* TASK TO CARRY OUT: From the line below that contains "cover image of" to the line that contains "Dans la région", repeat every line exactly, both ends included, and nothing else.

* MATERIAL TO PROCESS:
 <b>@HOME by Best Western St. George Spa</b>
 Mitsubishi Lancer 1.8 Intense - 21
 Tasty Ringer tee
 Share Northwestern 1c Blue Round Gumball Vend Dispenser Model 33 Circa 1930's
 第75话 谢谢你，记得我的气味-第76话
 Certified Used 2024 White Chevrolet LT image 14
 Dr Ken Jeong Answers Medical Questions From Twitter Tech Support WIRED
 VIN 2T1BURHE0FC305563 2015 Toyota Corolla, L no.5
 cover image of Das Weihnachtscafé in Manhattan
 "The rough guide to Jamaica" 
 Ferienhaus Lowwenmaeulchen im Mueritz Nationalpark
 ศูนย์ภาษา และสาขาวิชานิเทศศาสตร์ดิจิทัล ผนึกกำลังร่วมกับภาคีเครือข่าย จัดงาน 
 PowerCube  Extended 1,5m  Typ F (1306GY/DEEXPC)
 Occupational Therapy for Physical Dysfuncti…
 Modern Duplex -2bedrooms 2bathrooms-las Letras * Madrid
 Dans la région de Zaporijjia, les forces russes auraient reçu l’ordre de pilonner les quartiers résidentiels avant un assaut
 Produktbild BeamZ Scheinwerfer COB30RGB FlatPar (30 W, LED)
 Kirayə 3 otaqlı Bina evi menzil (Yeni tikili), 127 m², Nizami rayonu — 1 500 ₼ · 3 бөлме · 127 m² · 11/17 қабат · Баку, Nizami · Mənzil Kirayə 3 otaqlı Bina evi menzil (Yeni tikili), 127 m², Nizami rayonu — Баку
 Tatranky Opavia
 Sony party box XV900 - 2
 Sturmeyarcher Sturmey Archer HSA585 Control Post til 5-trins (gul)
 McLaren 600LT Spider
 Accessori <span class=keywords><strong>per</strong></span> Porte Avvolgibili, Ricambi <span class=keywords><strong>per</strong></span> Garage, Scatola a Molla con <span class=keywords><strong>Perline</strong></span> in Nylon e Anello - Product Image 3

* REPLY TO THE EXERCISE:
 cover image of Das Weihnachtscafé in Manhattan
 "The rough guide to Jamaica" 
 Ferienhaus Lowwenmaeulchen im Mueritz Nationalpark
 ศูนย์ภาษา และสาขาวิชานิเทศศาสตร์ดิจิทัล ผนึกกำลังร่วมกับภาคีเครือข่าย จัดงาน 
 PowerCube  Extended 1,5m  Typ F (1306GY/DEEXPC)
 Occupational Therapy for Physical Dysfuncti…
 Modern Duplex -2bedrooms 2bathrooms-las Letras * Madrid
 Dans la région de Zaporijjia, les forces russes auraient reçu l’ordre de pilonner les quartiers résidentiels avant un assaut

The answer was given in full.